What you need to do:
Lines below starting with the line with "Cine: CUBE. VINCENZO" and going on through the line with "Living Room Kitchen" must be output exactly; the rest of the records must be left out.

Dataset content:

Start of Block

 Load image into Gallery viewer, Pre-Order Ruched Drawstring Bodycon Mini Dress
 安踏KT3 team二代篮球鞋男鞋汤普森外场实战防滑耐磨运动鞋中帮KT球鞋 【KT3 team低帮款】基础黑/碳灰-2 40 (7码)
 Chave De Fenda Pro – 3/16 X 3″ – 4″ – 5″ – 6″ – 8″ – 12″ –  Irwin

End of Block
Start of Block

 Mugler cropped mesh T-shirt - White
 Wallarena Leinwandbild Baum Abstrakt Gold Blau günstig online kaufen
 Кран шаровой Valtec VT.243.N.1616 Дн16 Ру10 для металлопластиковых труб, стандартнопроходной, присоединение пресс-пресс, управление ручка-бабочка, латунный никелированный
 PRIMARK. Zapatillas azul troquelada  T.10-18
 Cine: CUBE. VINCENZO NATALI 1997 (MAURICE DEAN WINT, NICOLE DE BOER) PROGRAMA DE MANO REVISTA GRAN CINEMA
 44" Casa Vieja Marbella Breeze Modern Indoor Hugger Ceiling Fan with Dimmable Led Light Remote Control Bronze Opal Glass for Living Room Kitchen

End of Block
Start of Block

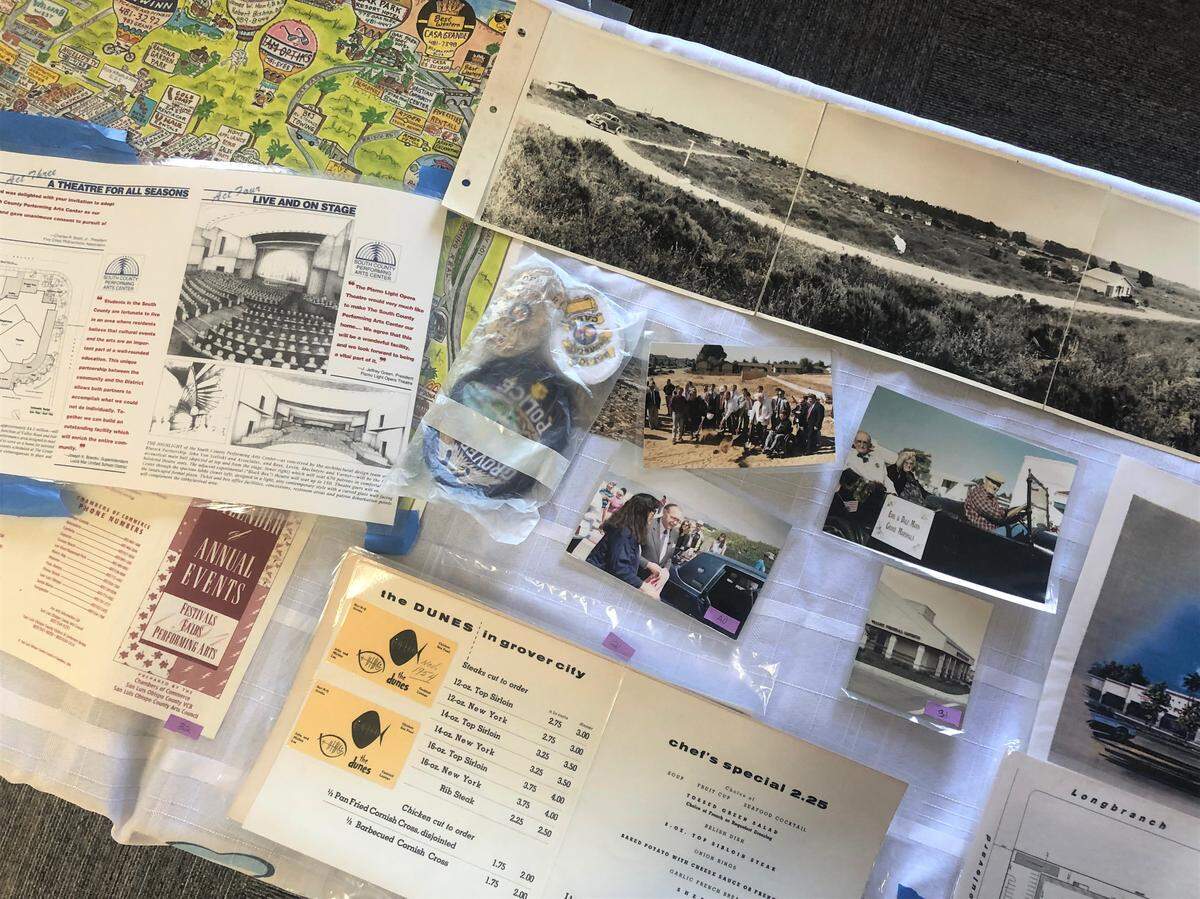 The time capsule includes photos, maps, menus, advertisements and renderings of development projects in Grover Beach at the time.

End of Block

Problem solution:
 Cine: CUBE. VINCENZO NATALI 1997 (MAURICE DEAN WINT, NICOLE DE BOER) PROGRAMA DE MANO REVISTA GRAN CINEMA
 44" Casa Vieja Marbella Breeze Modern Indoor Hugger Ceiling Fan with Dimmable Led Light Remote Control Bronze Opal Glass for Living Room Kitchen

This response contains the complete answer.